**Exercise goal**
Please write out all of the entries beneath this line exactly, skipping the pictures.

Short text fragments from websites
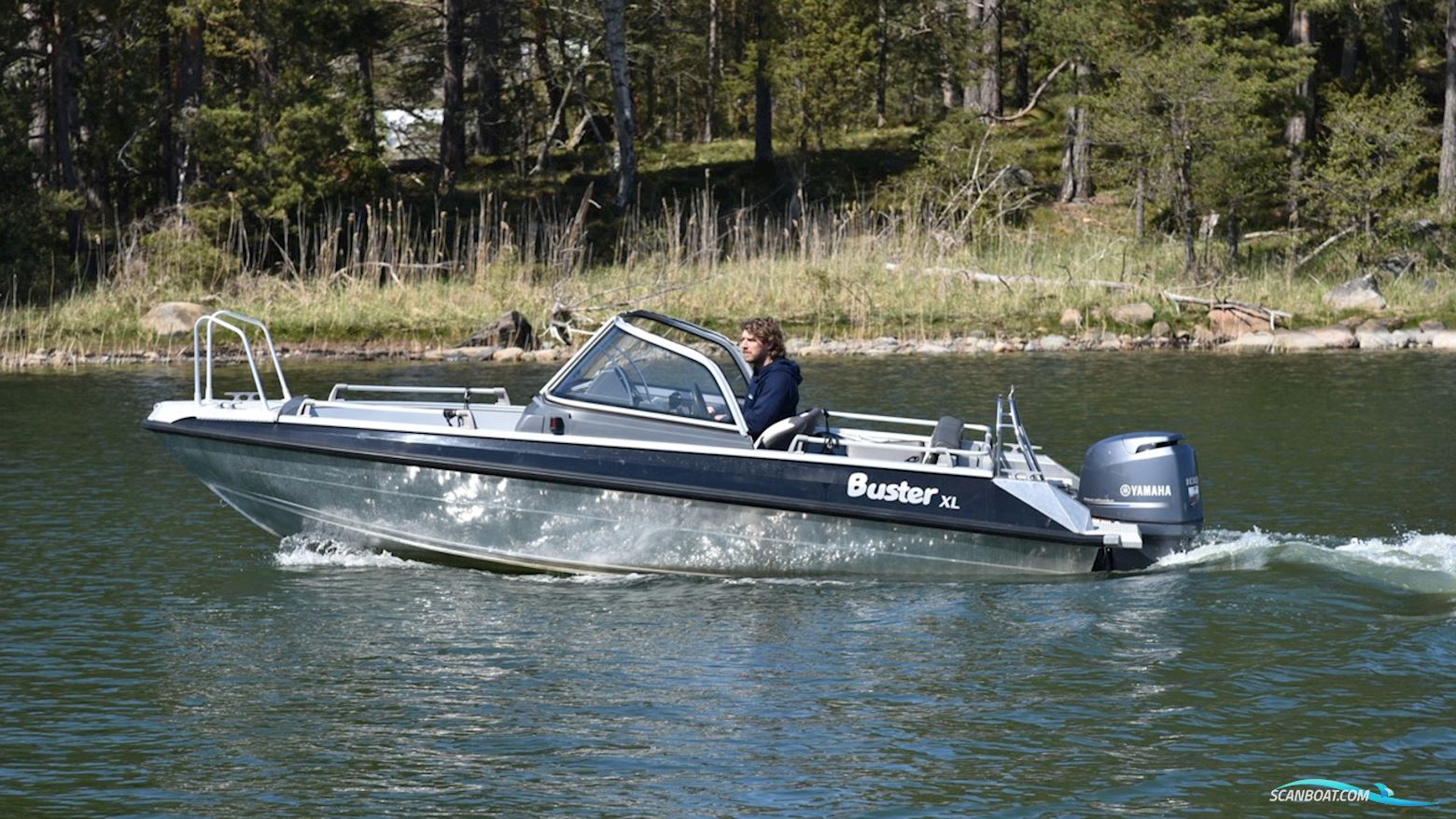 Buster XL Motorboten 2014, met  Yamaha motor, Sweden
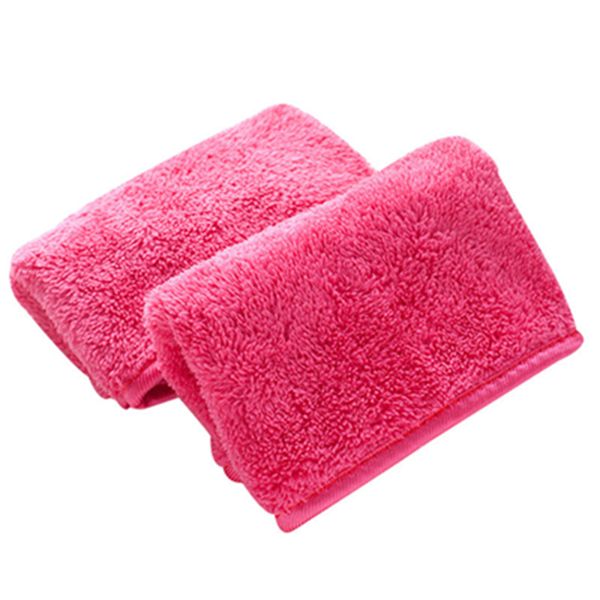 Magic soft Makeup Remover Towel Riutilizzabile Microfibra naturale Pulizia della pelle Eraser per il viso Asciugamani Lazy clean beauty Salviettine per il viso WashCloth WLL733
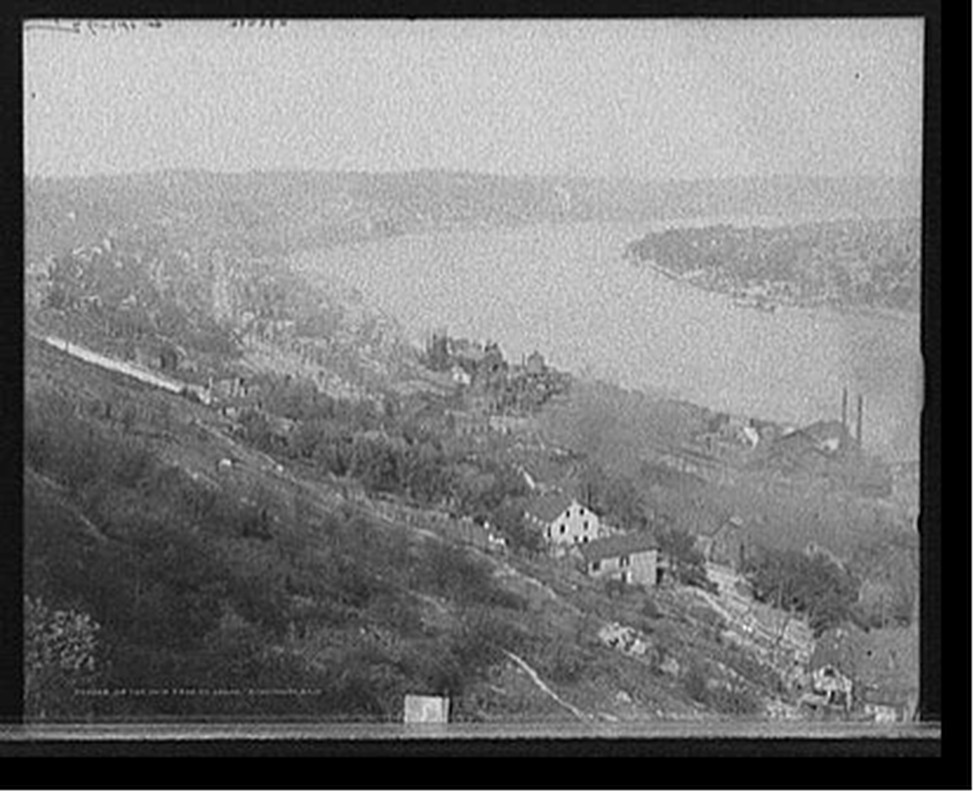 Up the Ohio from Mt. Adams, Cincinnati, Ohio, [between 1890 and 1910] — historic photograph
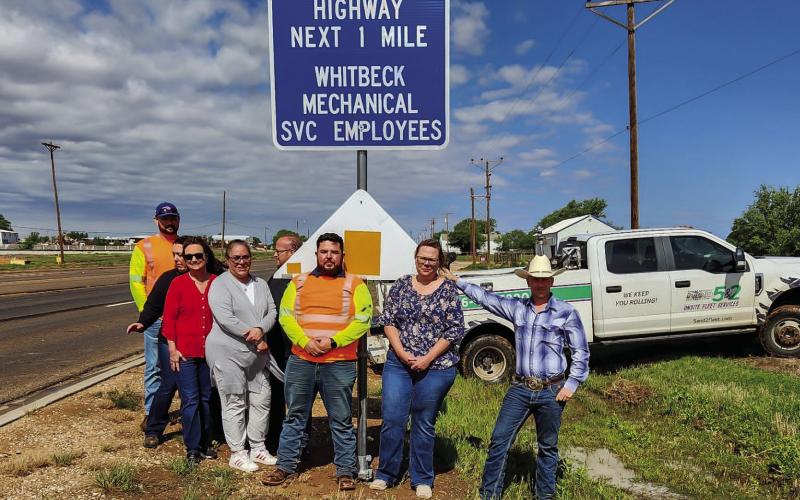 STREET SIGN DEDICATION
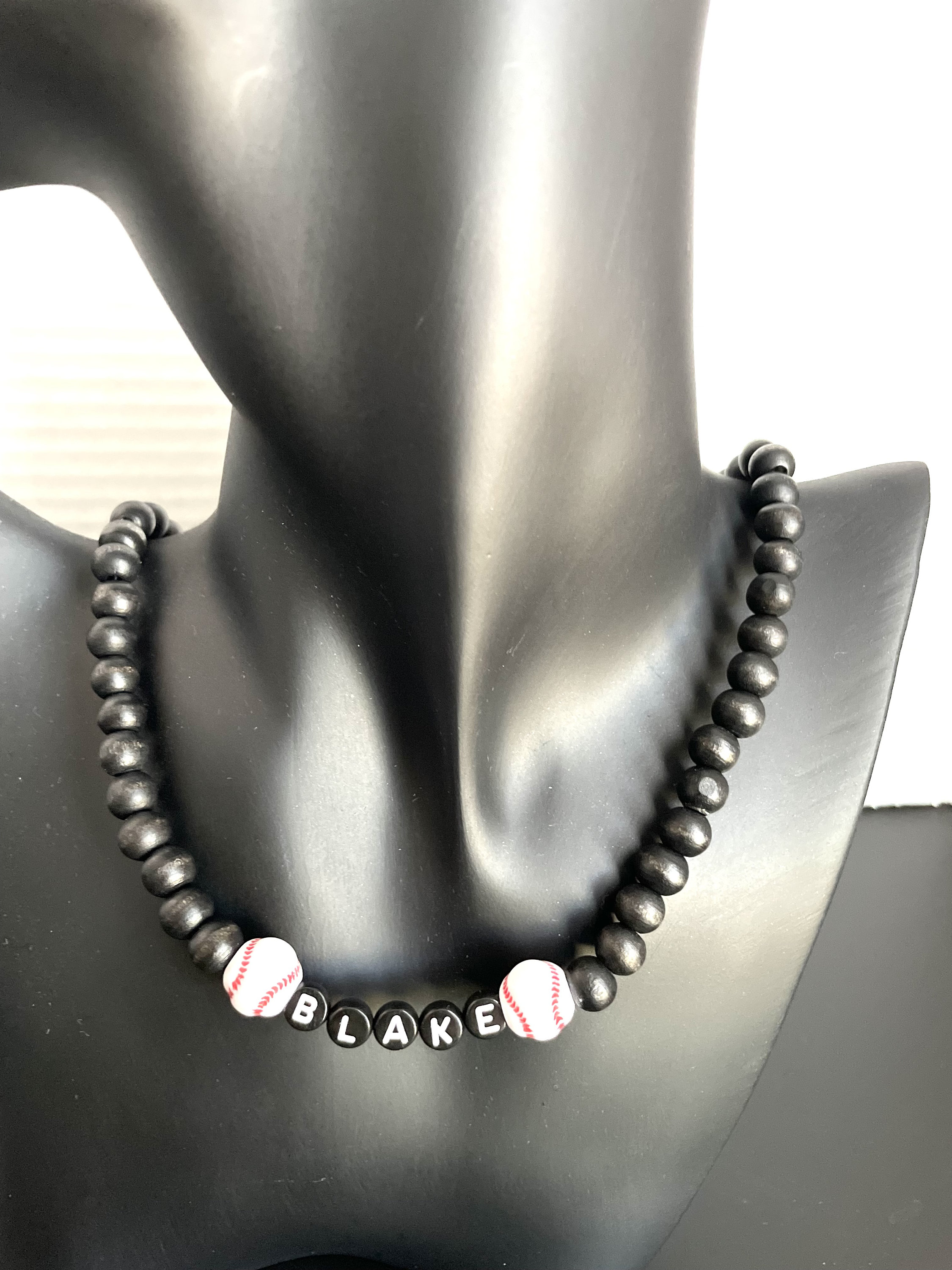 BOCHOI Hockey/Baseball Bracelet – Black Obsidian & Blue Tiger Eye Stone With Sports Charm, Adjustable 5-11” Gift For Fans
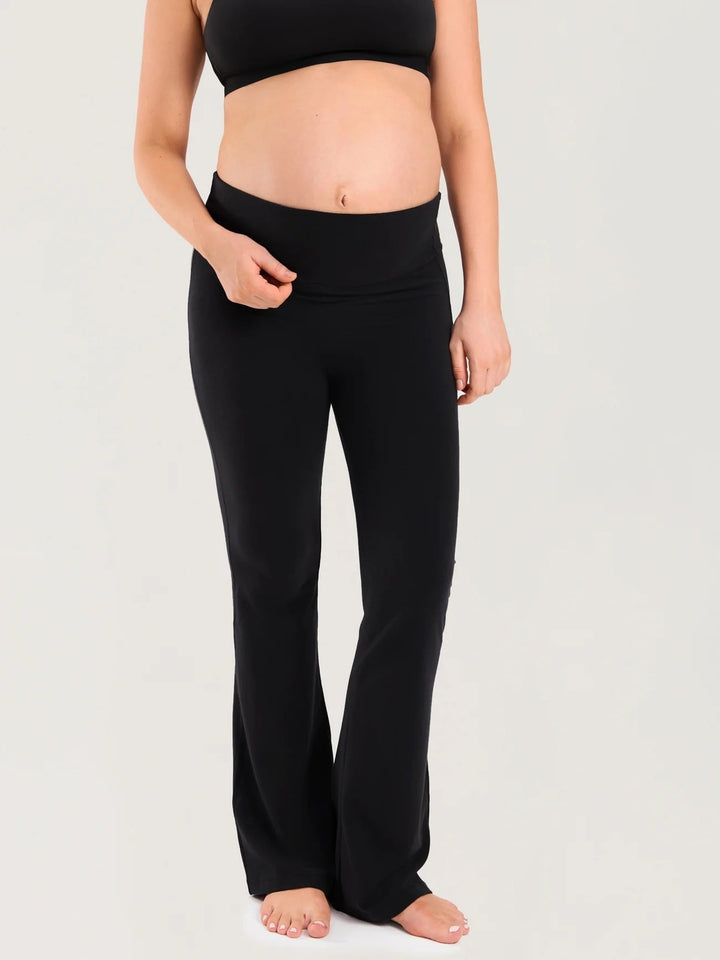 pantalon maternité noir coton évasé Momanda Mlle et Coco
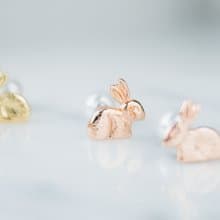 ONCE LITE - 雪兔 * 耳環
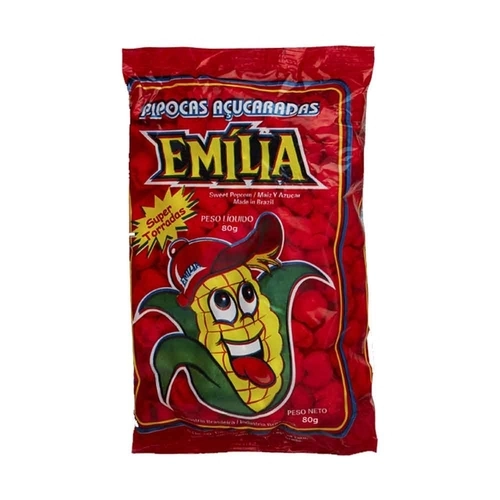 Pipoca Doce Emilia 80gr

**Answer to the exercise**
 Buster XL Motorboten 2014, met  Yamaha motor, Sweden
 Magic soft Makeup Remover Towel Riutilizzabile Microfibra naturale Pulizia della pelle Eraser per il viso Asciugamani Lazy clean beauty Salviettine per il viso WashCloth WLL733
 Up the Ohio from Mt. Adams, Cincinnati, Ohio, [between 1890 and 1910] — historic photograph
 STREET SIGN DEDICATION
 BOCHOI Hockey/Baseball Bracelet – Black Obsidian & Blue Tiger Eye Stone With Sports Charm, Adjustable 5-11” Gift For Fans
 pantalon maternité noir coton évasé Momanda Mlle et Coco
 ONCE LITE - 雪兔 * 耳環
 Pipoca Doce Emilia 80gr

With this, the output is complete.